People like Remnick, Snyder, and the anonymous Times editorialists are able to carry on in this manner because they believe they operate in a criticism-free zone in which they can be as illogical as they please without having to worry about complaints from below.  What makes it all so galling is that Barack Obama, the man ostensibly in charge, was elected to put a stop to such warmongering.  In his famous October 2002 speech against the invasion of Iraq, he had tough words for the laptop bombardiers who were determined to plunge the country into one conflict after another.  Obama emphasized that he was not opposed to all wars, merely those that were stupid and unjust:

What I am opposed to is a dumb war.  What I am opposed to is a rash war.  What I am opposed to is the cynical attempt by Richard Perle and Paul Wolfowitz and other armchair, weekend warriors in this administration to shove their own ideological agendas down our throats, irrespective of the costs in lives lost and in hardships borne.
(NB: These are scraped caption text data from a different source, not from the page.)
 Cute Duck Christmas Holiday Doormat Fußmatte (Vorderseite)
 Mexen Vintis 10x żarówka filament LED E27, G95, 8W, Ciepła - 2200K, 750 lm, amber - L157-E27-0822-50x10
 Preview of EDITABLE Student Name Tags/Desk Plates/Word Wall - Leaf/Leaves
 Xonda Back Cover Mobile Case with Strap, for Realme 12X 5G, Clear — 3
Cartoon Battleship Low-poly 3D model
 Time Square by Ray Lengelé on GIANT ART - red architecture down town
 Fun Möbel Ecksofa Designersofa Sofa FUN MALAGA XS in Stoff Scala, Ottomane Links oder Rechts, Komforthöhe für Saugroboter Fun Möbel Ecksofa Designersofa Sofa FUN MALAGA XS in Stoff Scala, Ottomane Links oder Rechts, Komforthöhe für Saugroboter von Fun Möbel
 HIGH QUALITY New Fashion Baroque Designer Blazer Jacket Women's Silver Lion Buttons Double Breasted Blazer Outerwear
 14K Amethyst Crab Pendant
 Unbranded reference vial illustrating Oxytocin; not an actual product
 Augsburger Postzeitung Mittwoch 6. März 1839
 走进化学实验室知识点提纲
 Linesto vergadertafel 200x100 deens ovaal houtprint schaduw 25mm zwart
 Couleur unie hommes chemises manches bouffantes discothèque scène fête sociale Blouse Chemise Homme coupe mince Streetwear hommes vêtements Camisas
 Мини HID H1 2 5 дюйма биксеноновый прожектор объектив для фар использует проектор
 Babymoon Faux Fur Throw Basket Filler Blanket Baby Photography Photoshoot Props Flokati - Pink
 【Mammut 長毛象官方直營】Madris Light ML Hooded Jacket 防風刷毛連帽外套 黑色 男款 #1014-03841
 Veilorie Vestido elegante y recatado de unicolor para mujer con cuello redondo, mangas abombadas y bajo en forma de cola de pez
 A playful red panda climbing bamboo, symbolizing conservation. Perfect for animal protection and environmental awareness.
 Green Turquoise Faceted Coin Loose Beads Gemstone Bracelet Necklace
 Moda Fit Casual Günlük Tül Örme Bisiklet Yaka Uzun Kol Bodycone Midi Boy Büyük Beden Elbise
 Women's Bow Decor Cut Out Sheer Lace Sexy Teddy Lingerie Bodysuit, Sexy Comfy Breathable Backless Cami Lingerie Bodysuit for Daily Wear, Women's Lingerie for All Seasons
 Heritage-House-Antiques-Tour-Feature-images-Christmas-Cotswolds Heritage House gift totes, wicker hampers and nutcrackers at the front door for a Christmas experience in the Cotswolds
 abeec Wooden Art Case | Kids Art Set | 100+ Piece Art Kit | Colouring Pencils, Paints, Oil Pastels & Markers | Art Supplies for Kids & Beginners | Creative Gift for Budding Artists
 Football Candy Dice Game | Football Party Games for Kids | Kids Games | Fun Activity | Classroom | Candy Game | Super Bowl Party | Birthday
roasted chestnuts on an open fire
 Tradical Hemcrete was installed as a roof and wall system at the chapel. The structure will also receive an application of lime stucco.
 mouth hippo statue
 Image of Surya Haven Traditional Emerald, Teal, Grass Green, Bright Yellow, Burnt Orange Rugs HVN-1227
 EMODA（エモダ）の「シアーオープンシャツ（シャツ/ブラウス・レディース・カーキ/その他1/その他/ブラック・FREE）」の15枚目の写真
Strong stuff.  Yet once in office, he opted to leave the hardliners undisturbed, rewarding the empty-headed hawk Hillary Clinton by appointing her secretary of state and then doing the same for the even more fatuous John Kerry.  The effect was to give both a license to lie.  The result is a foreign policy that is little better than George W. Bush’s and in some ways worse thanks to the growing use of drone warfare and U.S. support for the unprecedented Saudi-Qatari-Al Qaeda assault on Syria.

America has a two-party system of sorts when it comes to domestic affairs, but a one-party dictatorship when it comes to the imperial war machine.  Elizabeth Warren, the Democratic senator from Massachusetts, is currently sending populist hearts a-flutter with her attacks on free-market economics and outrageous loopholes that allow billionaire to pay less in taxes than their secretaries.  But when it comes to the Ukrainian crisis, she has remained silent.  Apparently, it is easier to attack Wall Street these days than Foggy Bottom.  In a way that Orwell could never have anticipated, U.S. democracy is structured so as to place certain topics permanently off-limits.